解説 『天下人三好長慶と飯盛城』

大東市の観光の目玉に浮上した三好長慶とはいかなる人物か?頃は戦国時代真っ只中、織田信長が天下取りを目指す直前に活躍した武将です。四国東部・河内、和泉・大和を平定した長慶は飯盛山頂(314m)に築かれた山城を居城として近畿一円を統治しました。私たちの身近なところで活躍した三好長慶を再現したイベントが催されます。(三好長慶公武者行列in大東

 

 

解説
『天下人三好長慶と飯盛城』

 

三好家の初期

三好長慶(1522~1564)は四国阿波(徳島県)の出です。

 

戦国時代の初期。大阪、淡路島、四国東部は細川家が支配していました。
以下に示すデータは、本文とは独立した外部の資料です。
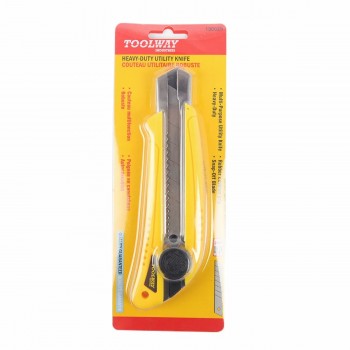 Couteau utilitaire HD à verrouillage par molette, lame sécable de 25 mm, jaune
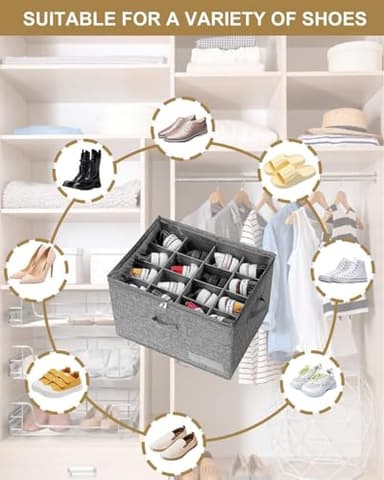 NEATJELAI Large Shoe Storage-2 Pack,Shoe Organizer for Closet Foldable Shoe Boxes with Adjustable Dividers and Clear Cover, Fits up to 32 Pairs, Grey - Image 3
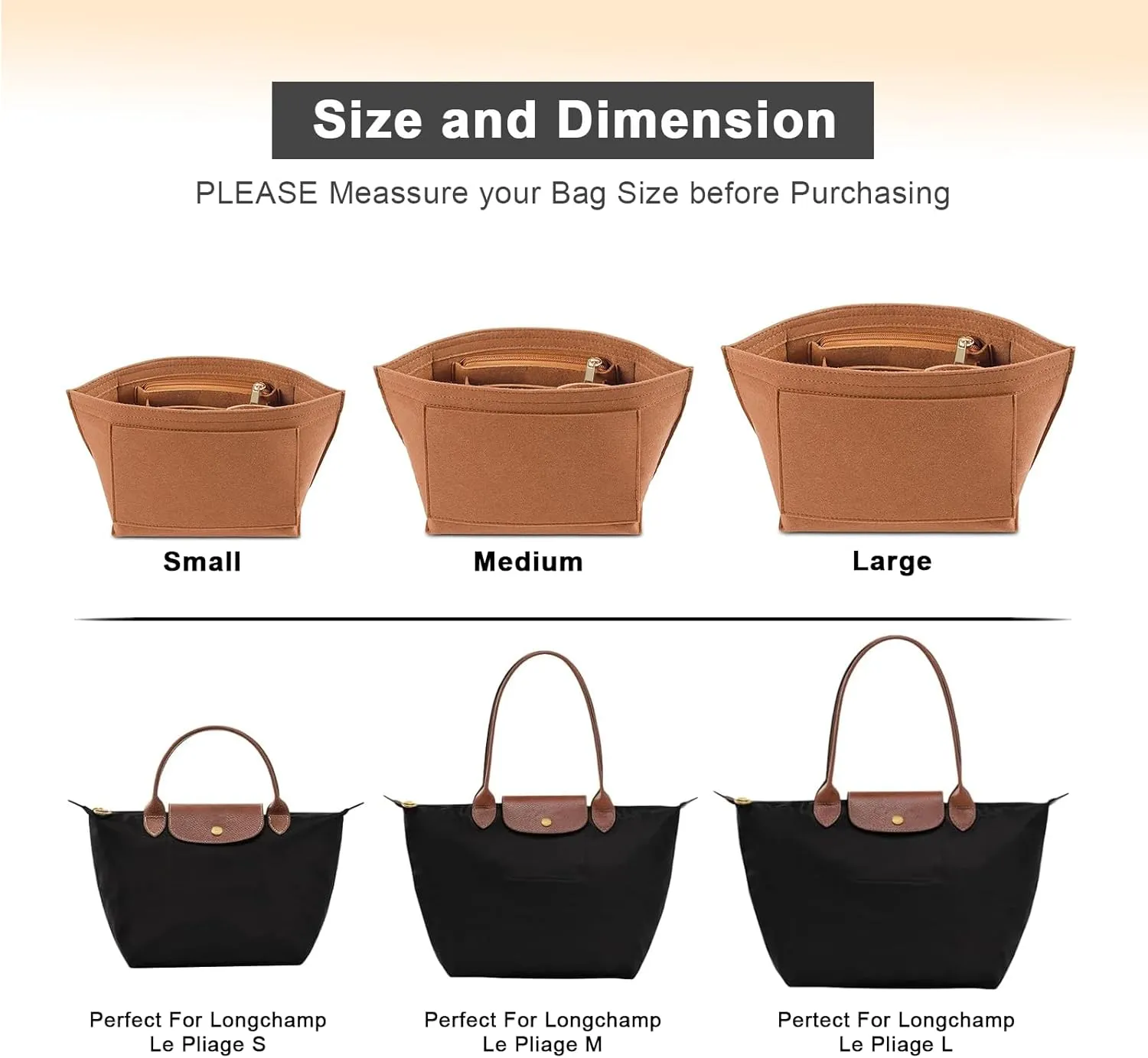 Purse Organizer Insert for Le Pliage Large Handbags Insert Organizer (EarthColor, Large)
細川家は足利将軍重臣(管領職)で、三好家は細川言え軍勢の一員として活躍していました。

 

三好家も代が変わり長慶の時代になると長慶は主君と戦うことになります。一進一退を繰り返しながらも大阪・堺に上陸し激戦の末、三好家は大阪を支配します。さらに勢いに乗りそのまま京都に攻め入り足利将軍を倒し、四国・淡路を含む近畿を支配下に治めました。

 

 

飯盛城入城

飯盛城は戦国時代に城郭として整備されたといわれています。

城郭といっても大阪城や姫路城にあるような天守閣はありません。

 

四国から大阪に拠点を移した長慶が直ちに飯盛城に入ったわけではありません。四国から大阪に入る際と同じように飯盛城入城でも戦いの繰り返しがありました。

 

元々、畠山家のものだった飯盛城内で主君と配下の確執に、他の武将たちがそれぞれに加担して戦いが始まります。戦いが終わるとまた戦いが繰り返されるなど謀反と加担の繰り返しでした。長慶も戦乱に加わり、ついに長慶は飯盛城の城主になります。

 

これまでに制圧した四国の伊予や摂津、京都丹波に続き、大和も制圧して近畿一帯を平定しての入城です。京都を中心とした周辺を抑えることで全国に影響を及ぼすことができた長慶は、織田信長に先駆けての「天下人」でした。

 

長慶が目指したもの

①将軍を必要としない世の中をつくる。(目的は果たした。)
権威のみの上方中心の政治を改める。

 

②キリスト教の保護。
長慶は信者ではないが、家来だけでなく三箇、田原、砂、岡山などの民衆の間に広まった信仰を保護し、キリスト教文化が花開くきっかけをつくろうとした。

 

飯盛城を居城にしたわけ

①飯盛城に入る前は芥川城(高槻市)を居城にしていたが、飯盛城は京都、大阪、淡路島など近畿の中心地で統治しやすい。

②府内最大規模の城である。城壁は土ではなく石垣で固められている。

③眼下に深野池があり敵に対して防御に最適。

 

以上のような好条件が揃っているとみた長慶は、これまでの土造りから石積の城壁に変えることで本格的な城にしました。

 

 

三好家のその後

長慶病死(43歳)後、後継者、義継は高屋城へ移りますが、追放されていた将軍の弟、義昭を伴って織田信長が永禄11年(1568年)に入洛(京都へ進軍)すると、織田軍の圧倒的な強さに長慶亡き後の三好軍は敗退。京都も大阪も織田信長が支配し三好家は滅亡してしまいました。

 

 

結びに

~(略)~特筆したいのは、武田信玄や織田信長などが東海や信濃などで天下取りを目指している同じ頃、短期間であったとはいえ、長慶が私たちの住む北条中学校区の真上、飯盛山上から近畿一帯に君臨(5年間)していた史実があることを知っていただきたいということです。

北条中校区にすむみなさん、ぜひ<三好長慶公武者行列の観覧と関心を深めていただきますようお願いします。